Two terrific shows premiered last weekend in Annapolis, set in nearly the same period and dealing with history-making creative artists.
At Colonial Players, "Moonlight and Magnolias" is set in 1939 and tells the behind-the-scenes story of making the film version of "Gone with the Wind." Appropriately, it evokes gales of audience laughter. Infinity Theatre presents "Sisters of Swing," a musical biography of the World War II-era harmonizing Andrews Sisters that inspired the opening-night audience to applaud every familiar song.
Ron Hutchinson's "Moonlight and Magnolias" reveals that David O. Selznick, producer of "Gone with the Wind," shut down production in February 1939, motivated by his desire to create a blockbuster film to impress his father-in-law, the venerable MGM head Louis B. Mayer.
Selznick engaged screenwriter Ben Hecht to rewrite the script and Victor Fleming to replace the original director, and for five days and nights, Selznick held his new creative duo hostage so Hecht, who had never read Margaret Mitchell's novel, could create a new screenplay. Subsisting on peanuts and bananas, Hecht typed while Fleming and Selznick acted out every role from Prissy to Melanie and Ashley to Scarlett and Rhett.
Hutchinson indicates how Selznick became the producer of the most successful movie in Hollywood's then-30-year history. The playwright also reveals that beneath the film version of Mitchell's Pulitzer Prize-winning Civil War novel is a classic screwball farce about three film titans locked in a pressure cooker.
Colonial Players director Ron Giddings highlights the humanity of these film moguls to balance their bullying moments. Giddings found the right combination to create a fast-paced, highly physical comedy. His cast becomes a trio of masterful comedians delivering lightning barbs. Skilled mimicry makes each iconic film character instantly recognizable to anyone familiar with "Gone with the Wind."
Making a memorable CP debut, Michael Forgetta becomes a dynamic Selznick, fiercely determined to succeed, likable despite harassing and bullying his hostages. His imitations of a swishing "fiddle-dee-dee-ing" Scarlett are true comic gems.
Jim Reiter plays Hecht with a wry cynicism laced with political idealism. Communicating amused disbelief at his situation, Reiter's Hecht is a pro who can deliver an acceptable script in five days.
As Fleming, who is pulled from directing "The Wizard of Oz" to help placate actor Clark Gable, local actor Kevin Wallace delivers high comedy in acting out familiar scenes of the film, hilariously discussing the questionable moral character of Scarlett, especially in her treatment of Prissy.

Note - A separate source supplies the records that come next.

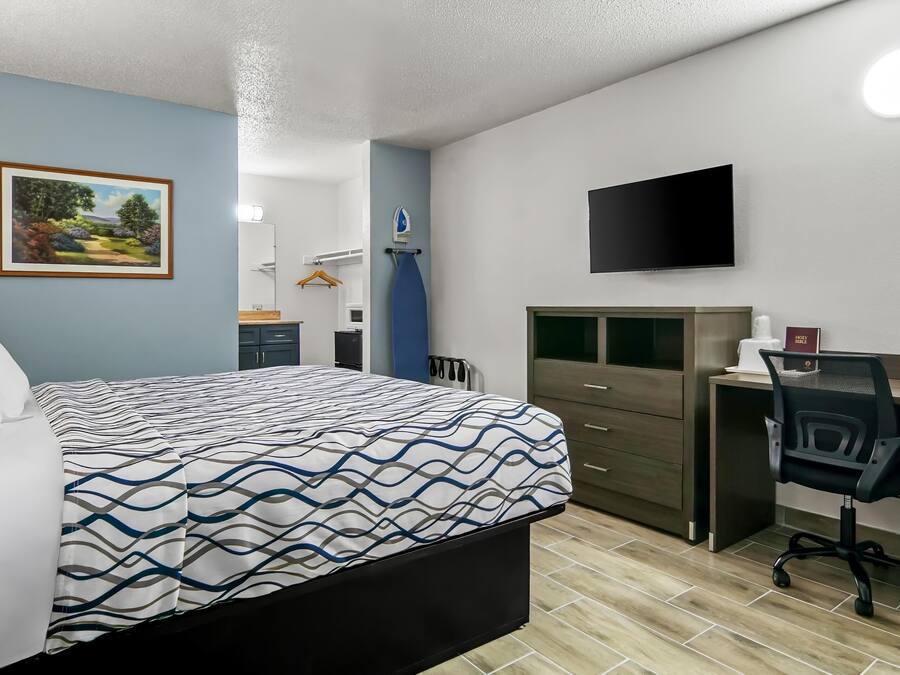 Kamar, 1 Tempat Tidur King | Setrika/meja setrika dan Wi-Fi gratis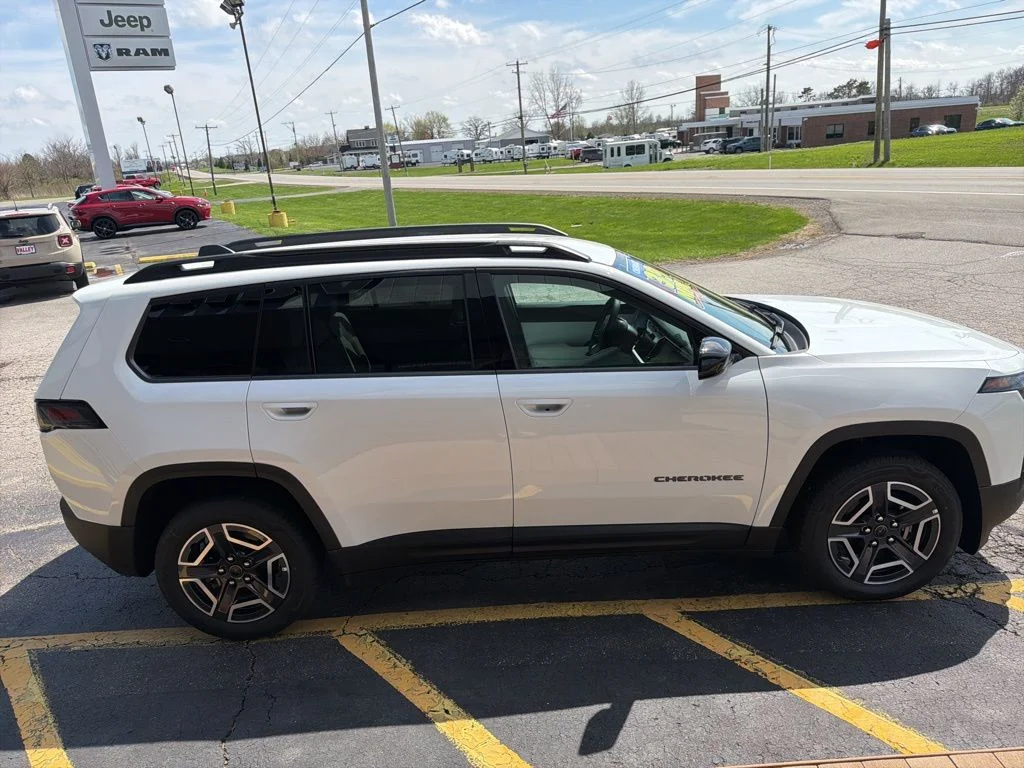 New 2026 Bright White Clear-Coat Exterior Paint Jeep Laredo image 10
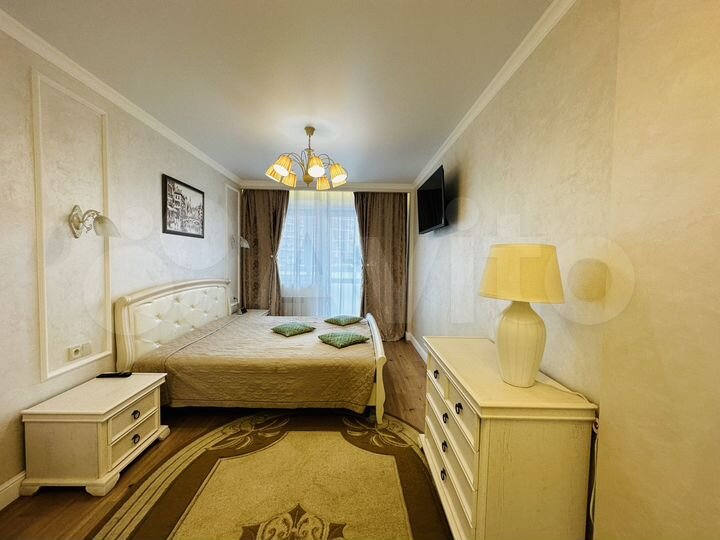 2-к. квартира, 55 м², 1/10 эт.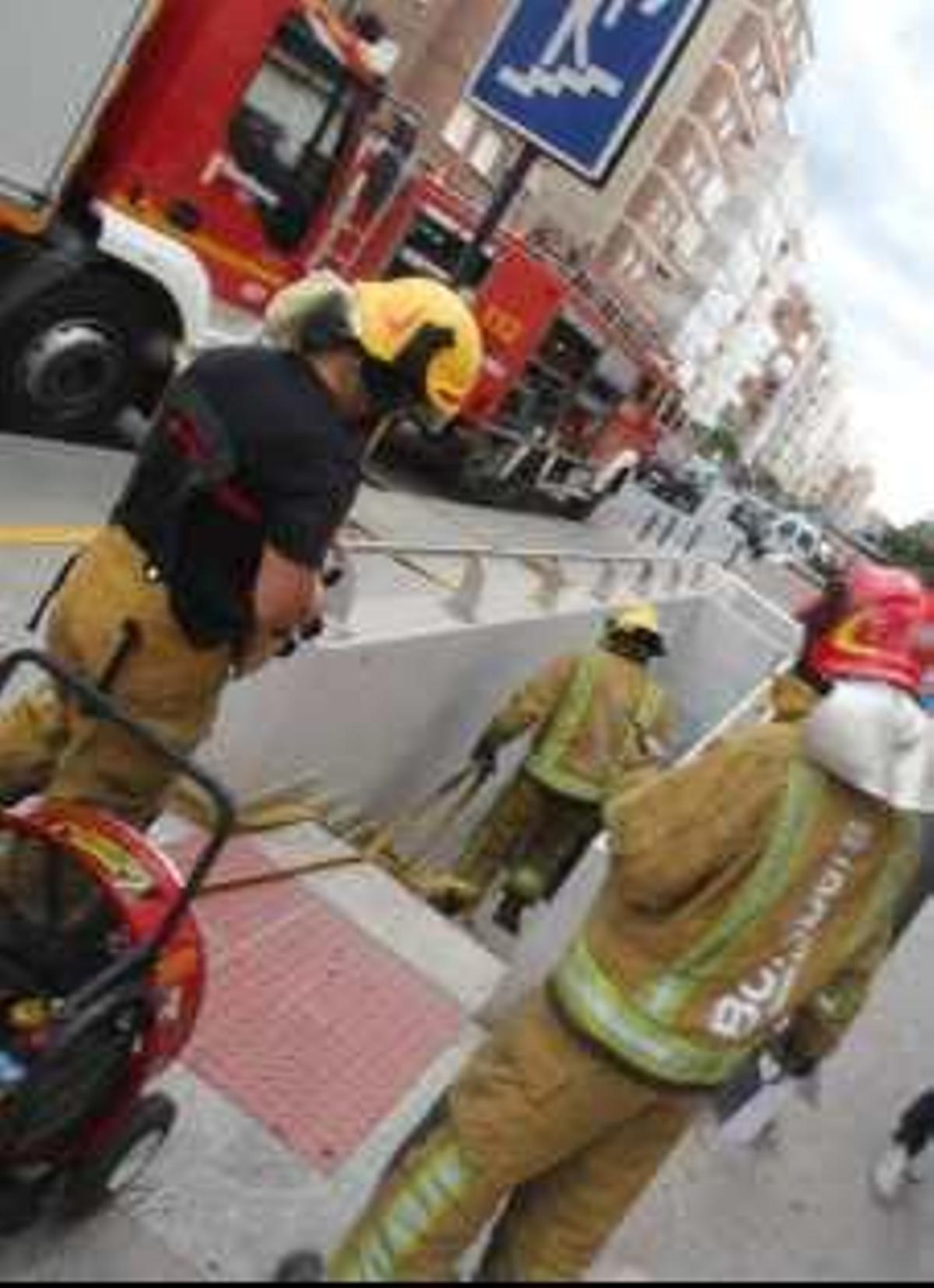 Luchar contra el fuego en un parking
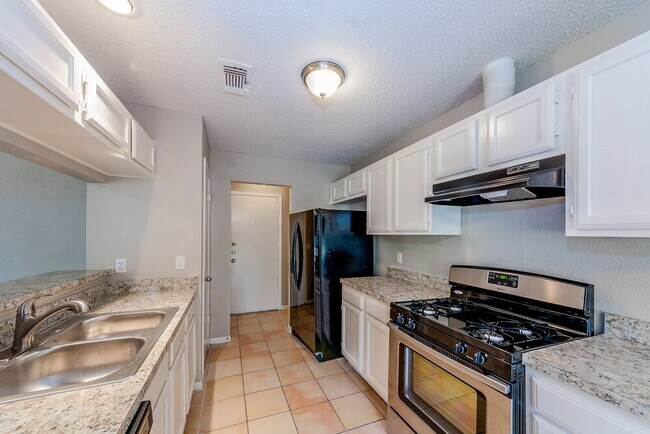 Foto del edificio - 12214 Flaxen Dr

Kaelynn Miller, who was last seen on CP's stage as Meg in "Little Women," gives an amusing portrayal of Selznick's overworked secretary, Miss Poppenghul. Miller's masterful double takes and expressions of disbelief punctuate her dialogue, which consists mainly of "Yes, Mr. Selznick."
Meanwhile, Infinity Players opened its summer season at the CTA Theatre Complex with "Sisters of Swing," reinforcing its reputation as the summer home of polished, Broadway-caliber productions.

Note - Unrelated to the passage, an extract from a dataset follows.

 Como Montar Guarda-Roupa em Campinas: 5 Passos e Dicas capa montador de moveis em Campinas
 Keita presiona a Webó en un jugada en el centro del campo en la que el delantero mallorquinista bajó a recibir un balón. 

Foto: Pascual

This jukebox musical recaptures the close harmonies and unique sound of the internationally famous Andrews Sisters — Maxene, LaVerne and Patty — who entertained thousands of troops during World War II.
Tracing the singers' career from competitions in talent contests, the story is told through a series of vintage hit songs with interspersed dialogue describing their parents, their travels, their landing a contract with Decca records and their work with manager Lou Levy.
Jay D. Brock of Catholic University, whose directing credits include productions at Limelight Theatre and Woolly Mammoth as well as Opera AACC's recent "Naughty Marietta," directs a wholly professional cast in this brisk combination concert and musical biography.
Returning as Infinity's music director, David Libby brings his sure touch to lend authenticity to every song.
Kim Schafer, who has an impressive array of Broadway credits, choreographs all the right moves through the swinging decades of the Andrews Sisters.
Along with appearing on stage as Vic, fabulous pianist Jonathan D. Cable opens the show playing a medley of familiar tunes and follows by bringing distinction to every number.
Steve Gagliastro's amazing versatility brightens the entire show. He serves as the narrator; doubles as Bing Crosby in the song "Accentuate the Positive"; becomes a mug-toting beergarden waitress; Danny Kaye, singing "My Two Front Teeth"; a dancing Carmen Miranda in "Rum and Coca-Cola"; and a dynamite bugler in "Boogie-Woogie Bugle Boy."
Julia Burrows shines as lead singer Patty Andrews, singing the solo "I Love You Much Too Much."
Equal credit is due Jackie Washam as Maxene and Lynsey Buckelew as LaVerne, who with Burrows earned enthusiastic applause after their every number from the opening night audience that spanned all age groups.
Lively audience responses, including rhythmic clapping to punctuate "Beer Barrel Polka," added to the fun and created an exciting, concertlike atmosphere.